> **Captioned web images**
+--
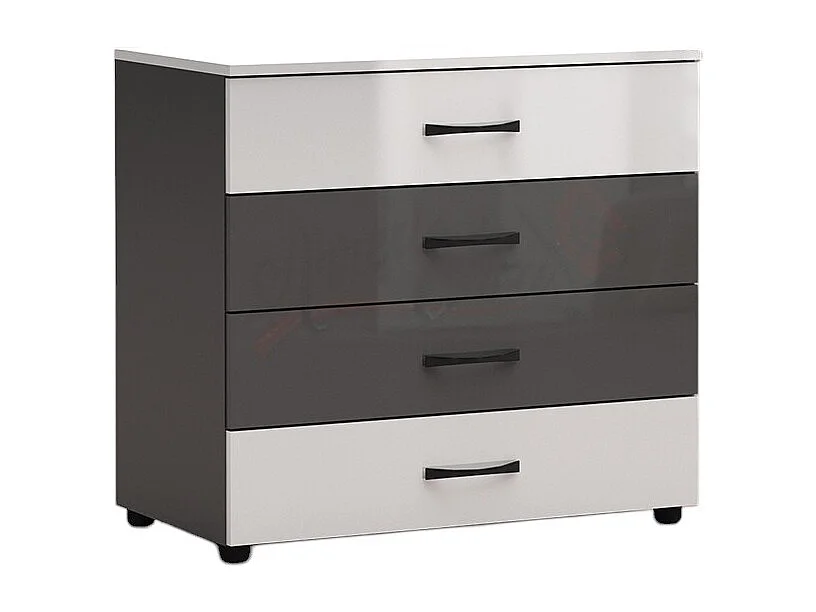 comò da camera da notte design moderno con quattro cassetti CG4 80x74 bianco e grigio lucido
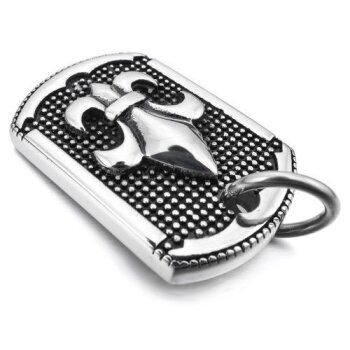 Anhänger Dog Tag Fleur de Lis  316L  Edelstahl inkl. Kette  im Etui GRAVUR OPTION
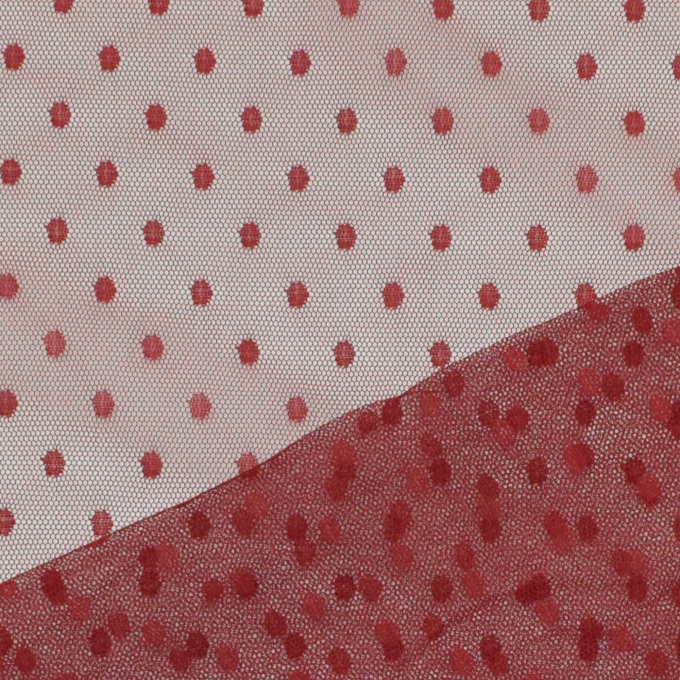 Tissu tulle souple à pois Dots, bordeaux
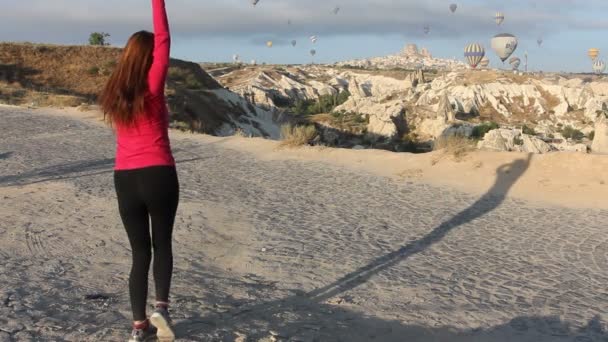 Palloncini ad aria calda in Cappadocia — Video Stock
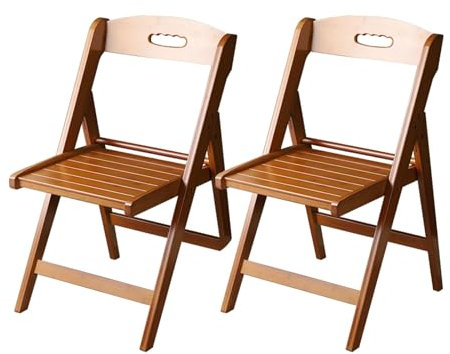 RTTZBOZ Sedia Pieghevole in bambù con Schienale e Poggiapiedi Sgabello Pieghevole Portatile Sedie Pieghevoli per Cucina Domestica e Bar (Color : Brown 2pcs, Size : 43cm/17in)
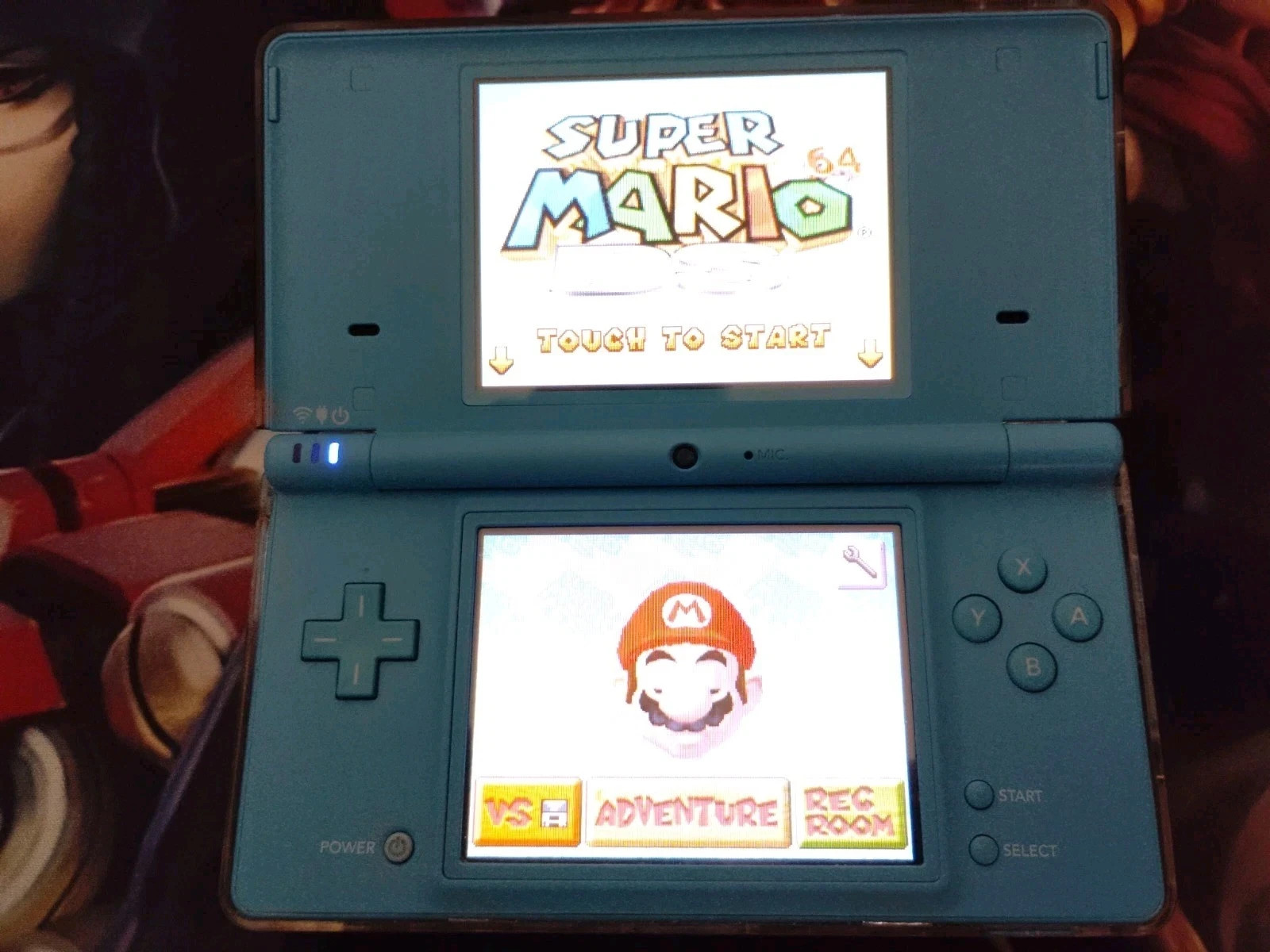 Nintendo DSi Handheld Game Console Light Blue W/Stylus And RARE Shell READ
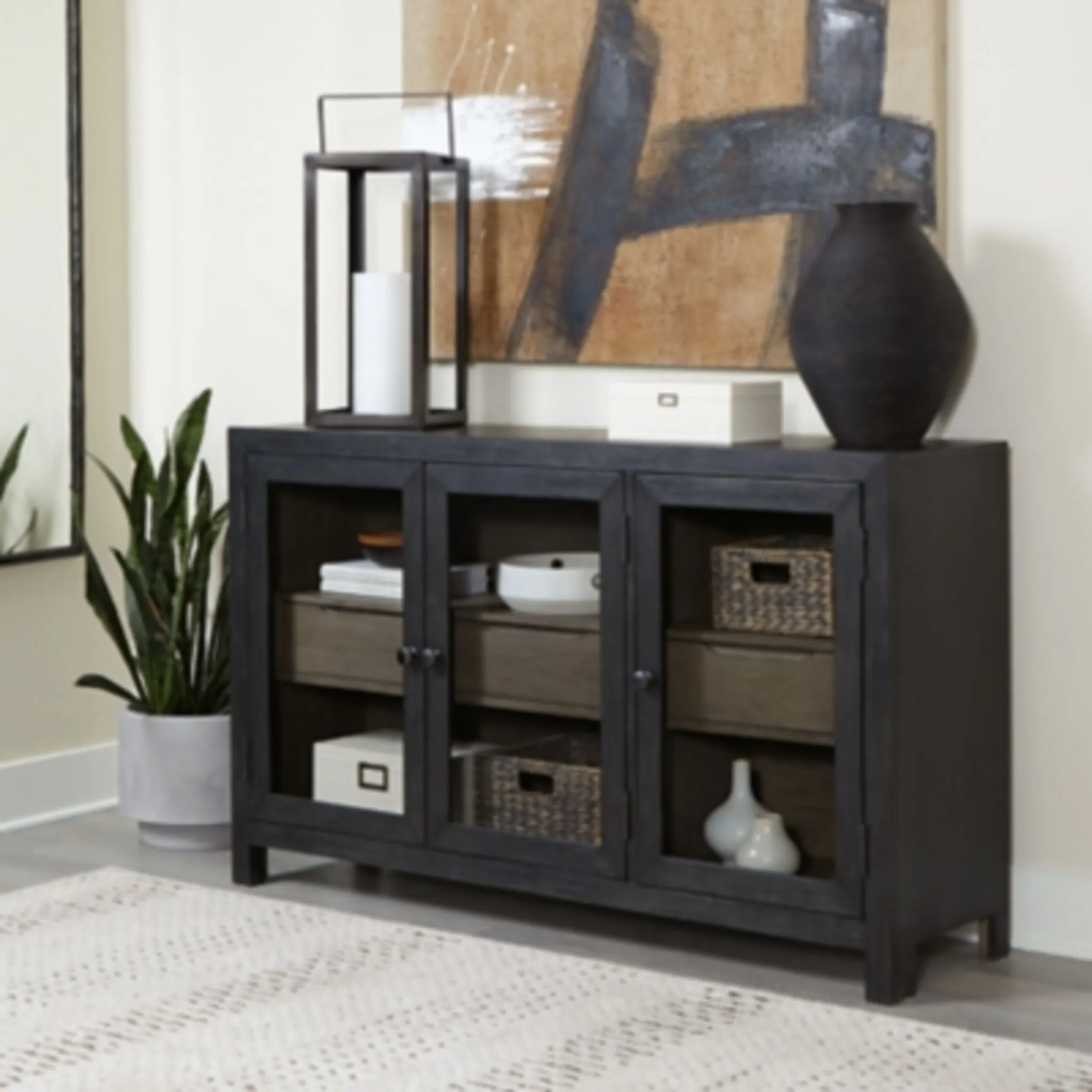 Lenston Accent Cabinet - Black/Gray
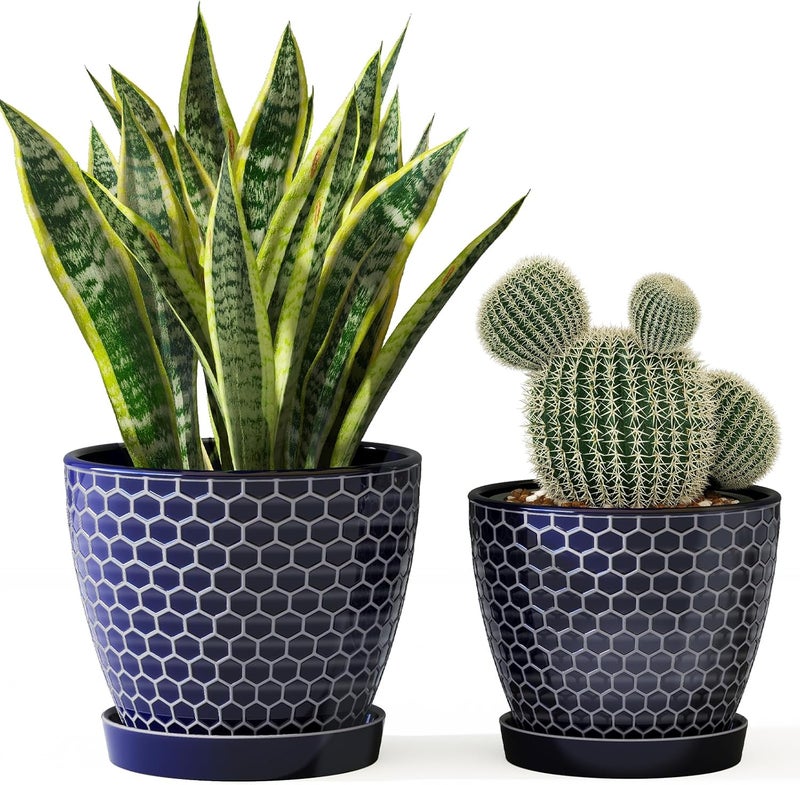 Docrin Store Blue Honeycomb Ceramic Plant Pot Set - 6.6"+5.5" Inch, Modern Decorative Planters with Drainage Holes & Saucers for Indoor/Outdoor Home Office - Image 1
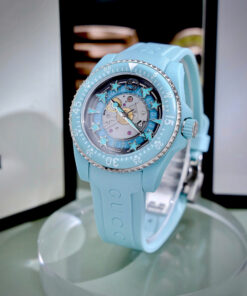 Đồng hồ Gucci Dive Rubber unisex dây cao su xanh ngọc like auth 40mm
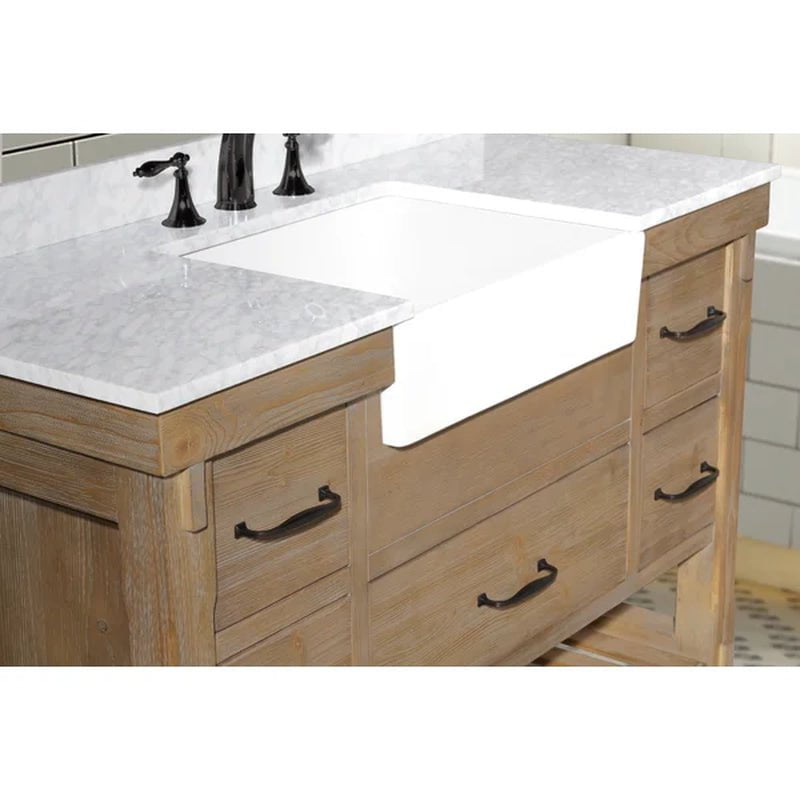 Giuliana 48'' Free-Standing Single Bathroom Vanity with Carrara Marble Vanity Top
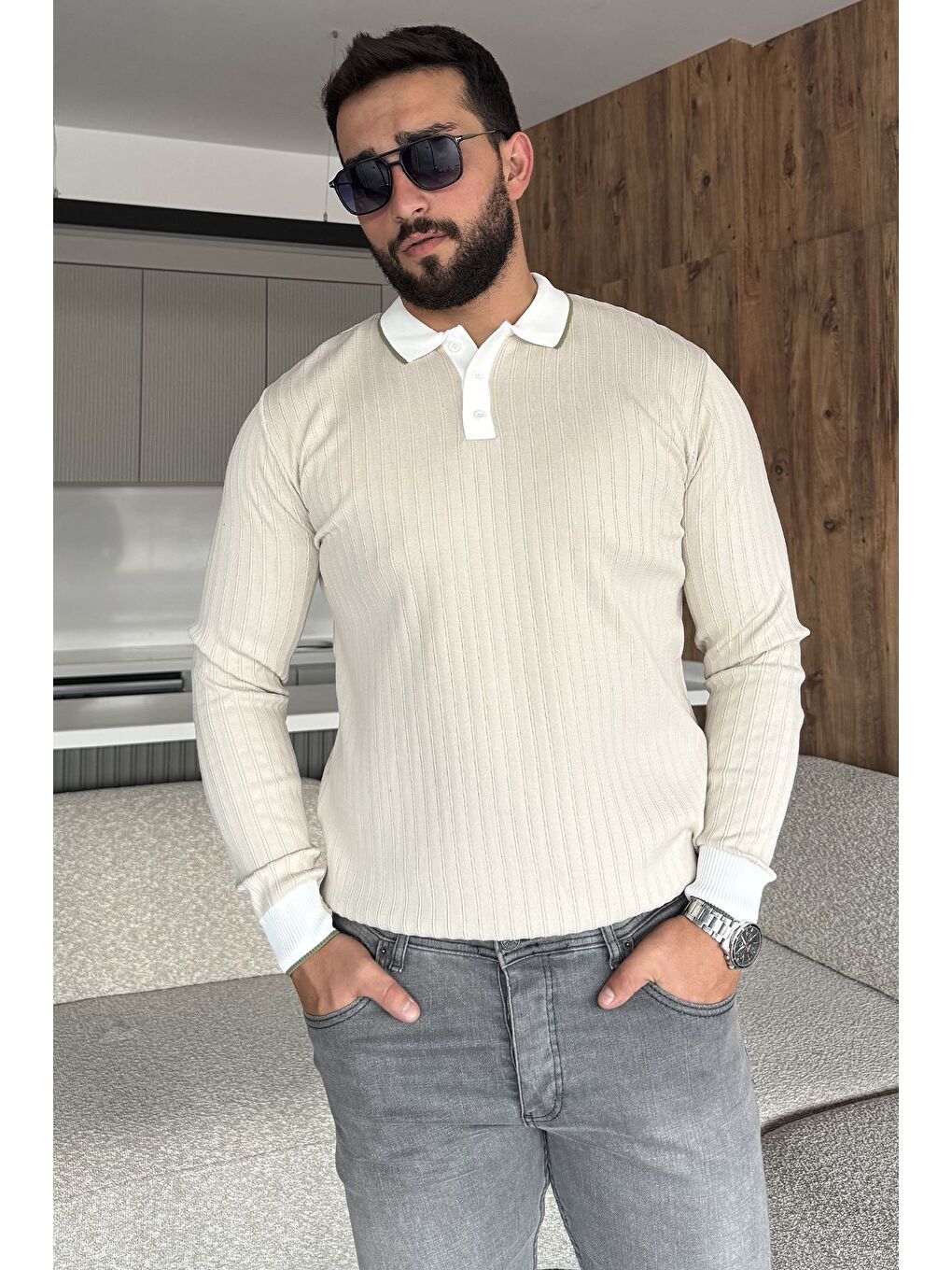 Bej Polo Yaka Yarım Düğmeli Erkek Triko Kazak-1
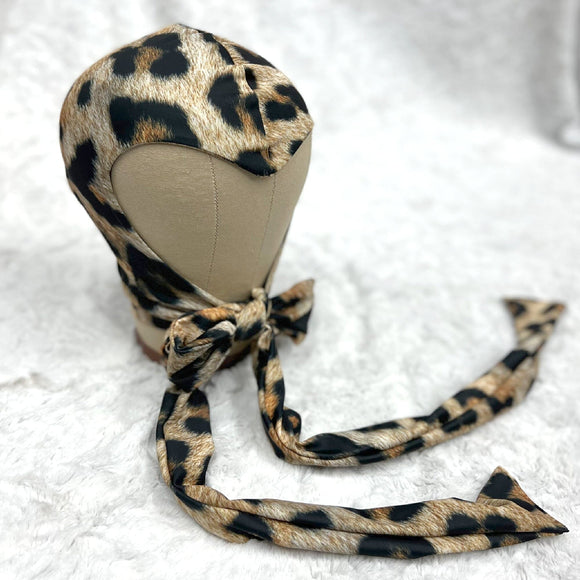 Vintage Style Widows Peak Bonnet in Leopard Print - Coquetry Clothing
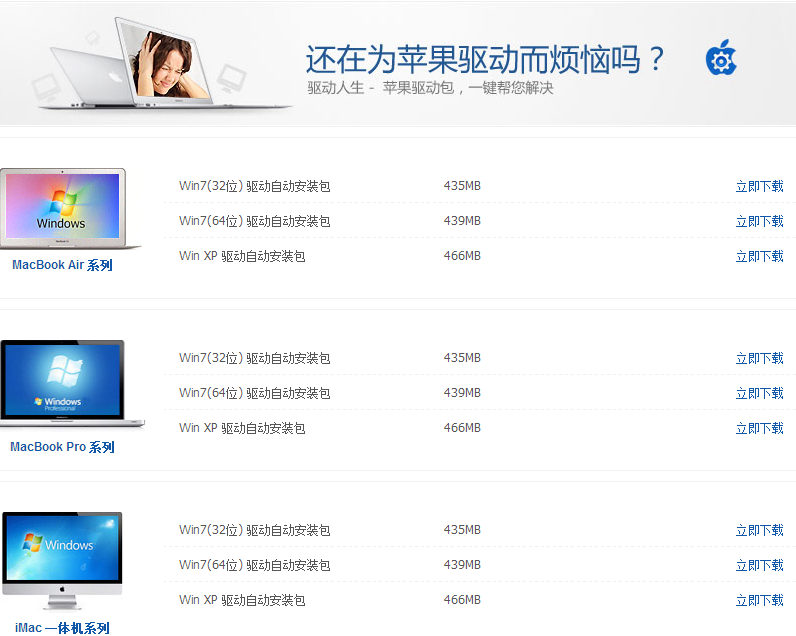 苹果电脑装Windows7驱动大全、Macbook电脑win7驱动安装1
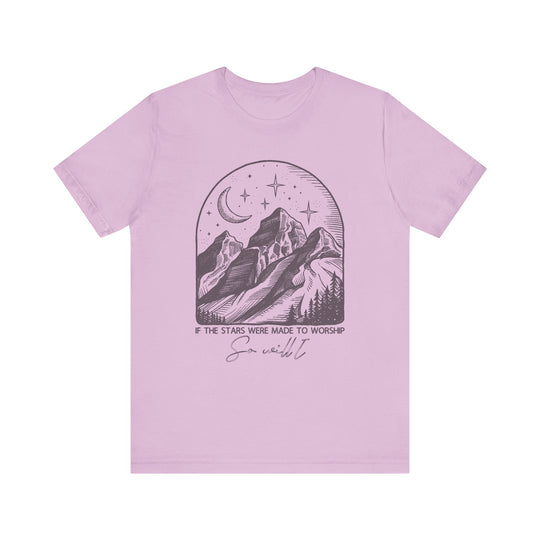 Worship Tipsy Tee: A classic unisex jersey short sleeve tee with ribbed knit collars and tapered shoulders, made of soft, breathable Airlume cotton for lasting comfort.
+--
> **Problem details**
Go back to the line containing "Nintendo DSi Handheld" and output it and every line after it through the end of the records, exactly, but not the pictures.

> **Response box**
 Nintendo DSi Handheld Game Console Light Blue W/Stylus And RARE Shell READ
 Lenston Accent Cabinet - Black/Gray
 Docrin Store Blue Honeycomb Ceramic Plant Pot Set - 6.6"+5.5" Inch, Modern Decorative Planters with Drainage Holes & Saucers for Indoor/Outdoor Home Office - Image 1
 Đồng hồ Gucci Dive Rubber unisex dây cao su xanh ngọc like auth 40mm
 Giuliana 48'' Free-Standing Single Bathroom Vanity with Carrara Marble Vanity Top
 Bej Polo Yaka Yarım Düğmeli Erkek Triko Kazak-1
 Vintage Style Widows Peak Bonnet in Leopard Print - Coquetry Clothing
 苹果电脑装Windows7驱动大全、Macbook电脑win7驱动安装1
 Worship Tipsy Tee: A classic unisex jersey short sleeve tee with ribbed knit collars and tapered shoulders, made of soft, breathable Airlume cotton for lasting comfort.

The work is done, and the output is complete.